**Required work:** Below are some records. Write out the line that contains "雲があり日の出予定より10分遅れて太陽が出ました" and all lines after it, exactly, but not the pictures.

**Entries shown:**
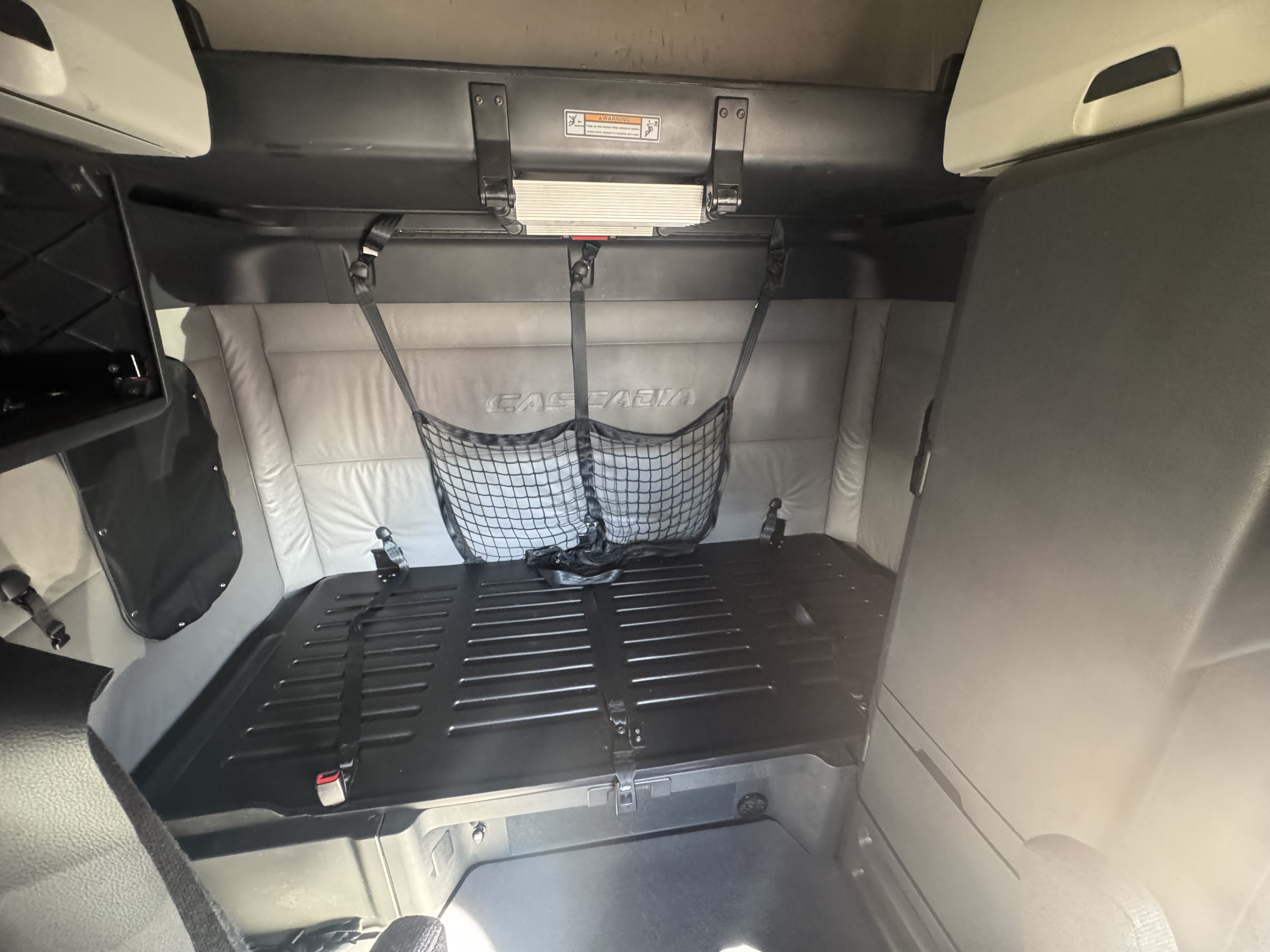 2022 FREIGHTLINER CASCADIA 126SLP - image 16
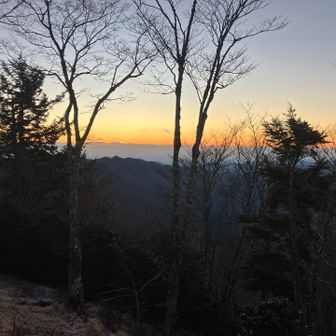 日の出前
雲があり日の出予定より10分遅れて太陽が出ました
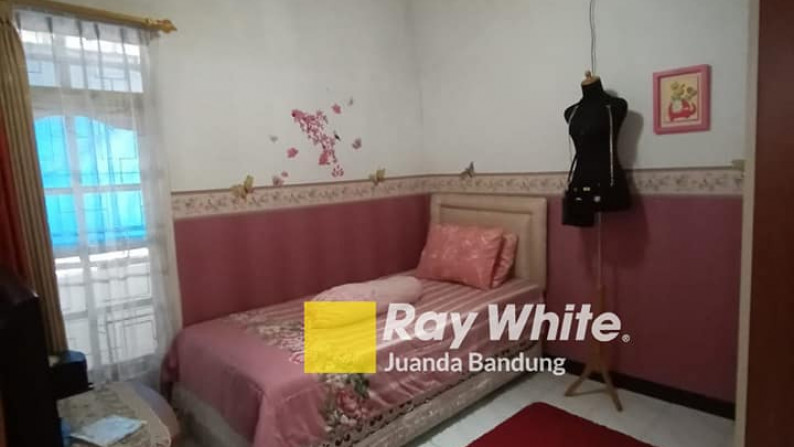 LANGKA& Murah ! Rumah 2 lantai Semi Furnished terawat di Komplek Pandan wangi Ciwastra Buah batu- Jual!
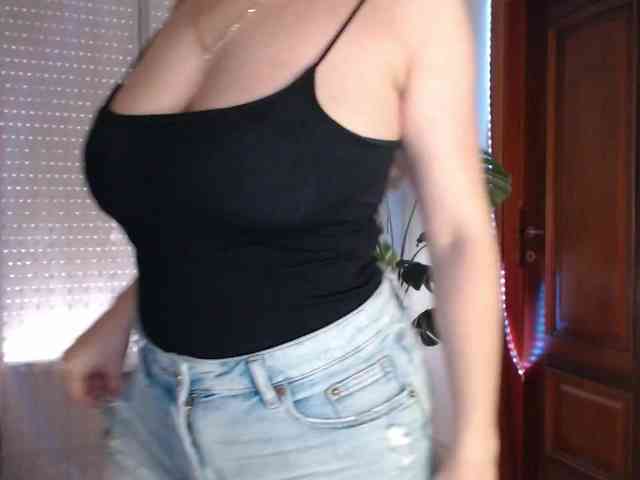 Alina-Lovely webcam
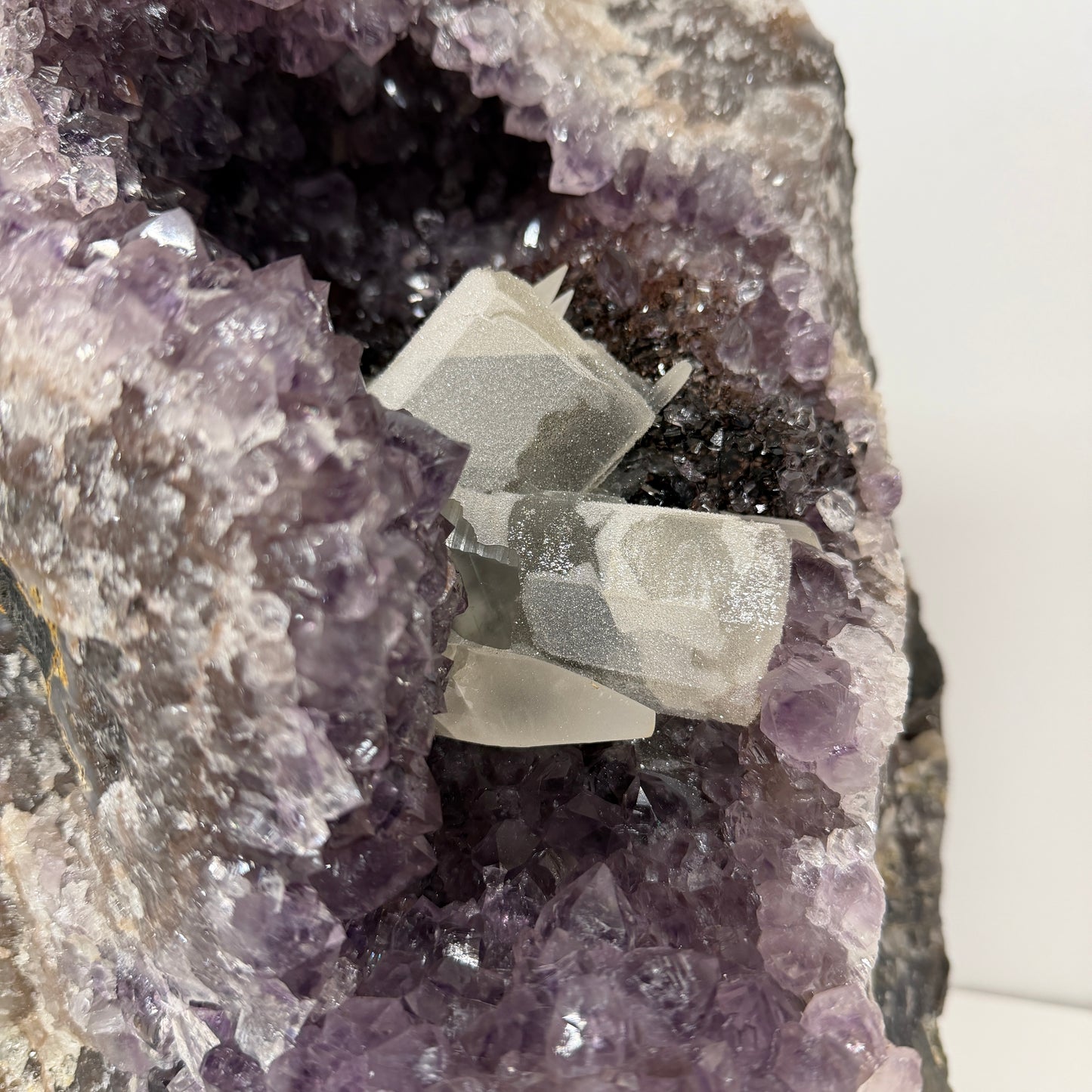 Améthyste unique d'Uruguay avec calcite et druse - 13,25 kg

**Output:**
雲があり日の出予定より10分遅れて太陽が出ました
 LANGKA& Murah ! Rumah 2 lantai Semi Furnished terawat di Komplek Pandan wangi Ciwastra Buah batu- Jual!
 Alina-Lovely webcam
 Améthyste unique d'Uruguay avec calcite et druse - 13,25 kg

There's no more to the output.